Armed with the knowledge about Harpal village, we first reached Islampur which sits on an irrigation ‘minor' of EYC. Could this ‘minor' be the original Katha? Soon this assumption was laid to rest as it was found to be too straight in its behaviour to be the bed of a natural river.
We then reached Harpal, but where was the johad giving life to the Katha? Had it been a wild goose chase? Undeterred, we called up Mr. Singh in Ramra whose information led us to an influential local farmer, Madan Pal, in village Landha. Unfortunately the gentleman was in grief on account of the recent loss of his son, yet he readily agreed to help us locate the Katha.
Interestingly, although he knew where Katha's river bed and track was and led us to it, he was not sure of the site of its origin.
Ultimately it was the chance questioning of a passerby on bicycle that provided us confident leads to the Katha's source in a johad in Nayagaon aka Nayabans village, which was not far from where we were then.

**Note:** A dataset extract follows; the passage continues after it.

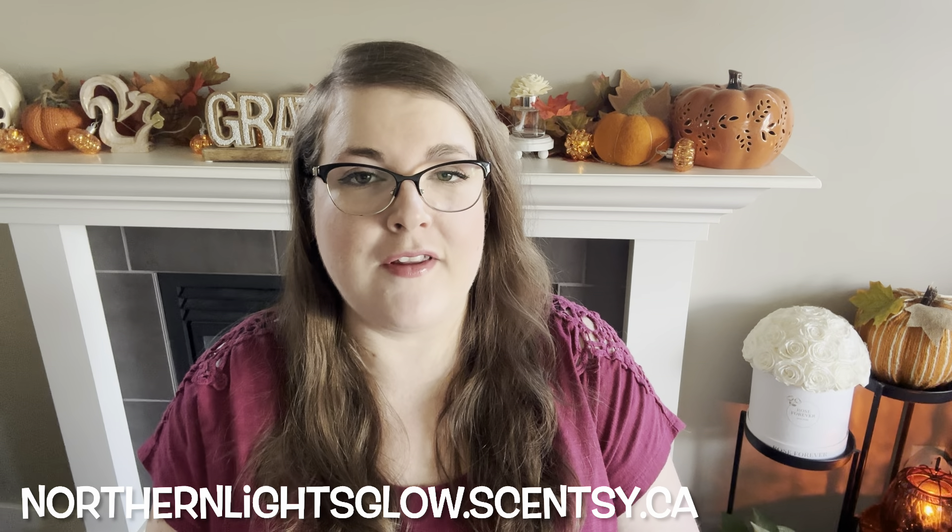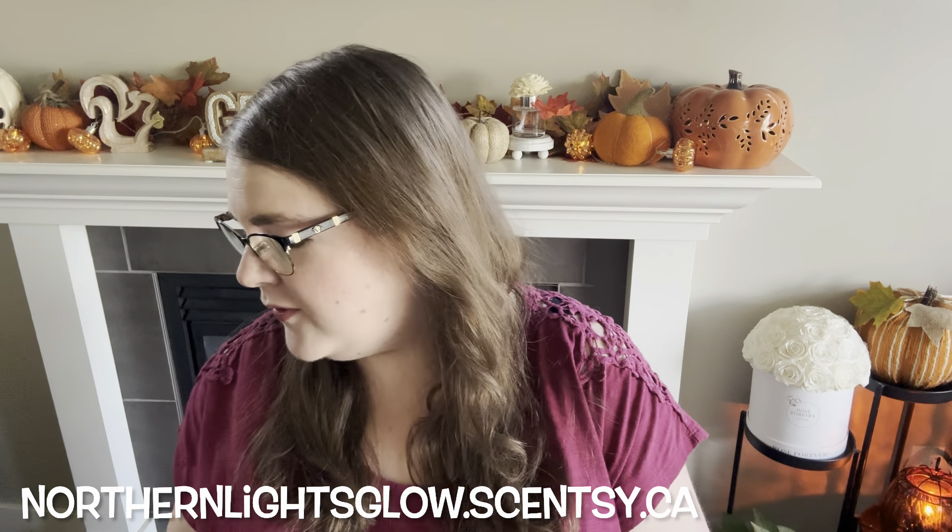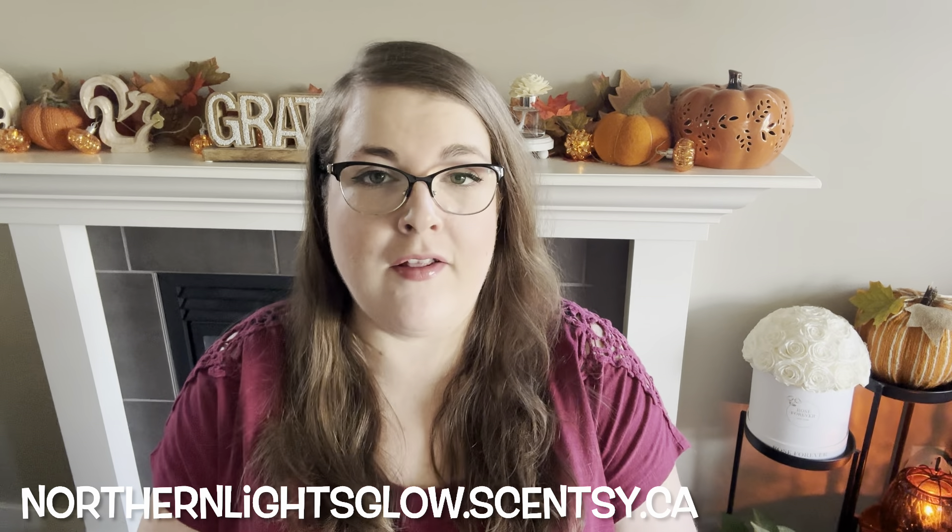Hey guys, it's Robin, your independent Scentsy consultant. Welcome back and welcome if you're new. Today I have got warm reviews of the 10 new catalog scents for fall and winter. Scentsy every catalog season releases 10 new scents for the catalog. This year I got full bars early — consultants can get them a little bit early. For everybody else these will be available on September 1st.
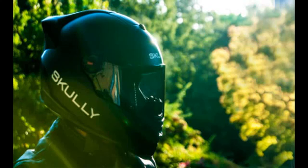GPS, digital audio, and hands-free phone systems have become common in cars, but motorcycles have largely been left behind. Scully demonstrates GPS, rear-view camera, and motorcycle helmet integration to address this gap.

Guided by Mr. Pal, we soon reached Nayagaon. A distinct elevated catchment-like formation draining into an almost dried low land with watershed from three directions was unmistakable. But could just a low land be the promised johad ? Curiosity led us up the path of a seemingly eroded channel of a stream, moist due to thick vegetation standing on its either side. Finally, the sight on the top was indeed what we had been seeking for many months now.
A typical village pond with old to very old trees of peepal and ber straining themselves over the water body, which obviously had seen better days but still retained its charm enough to attract large number of egrets, few black-winged stilts and a large number of kingfishers on a mid-April noon.
The farmer with his fields next to the johad informed us about it never going dry, although evidence was tell tale about it slowly but surely being encroached upon on the sides by vested interests, a situation which is sadly true of most old water bodies across the rural landscape, both in U.P. and Haryana.
Later, a search on Google map for the village and the johad confirmed our hunch that the Katha's origin lay just 2 km short of the path taken by the EYC and hence there existed no point of crossover between the two.
We left Nayagaon with mixed emotions and with plans to return during the monsoon months to assess the true extent of discharge from the johad into the Katha, and to determine the best way forward to involve the local people all along the length of river in its restoration and rejuvenation.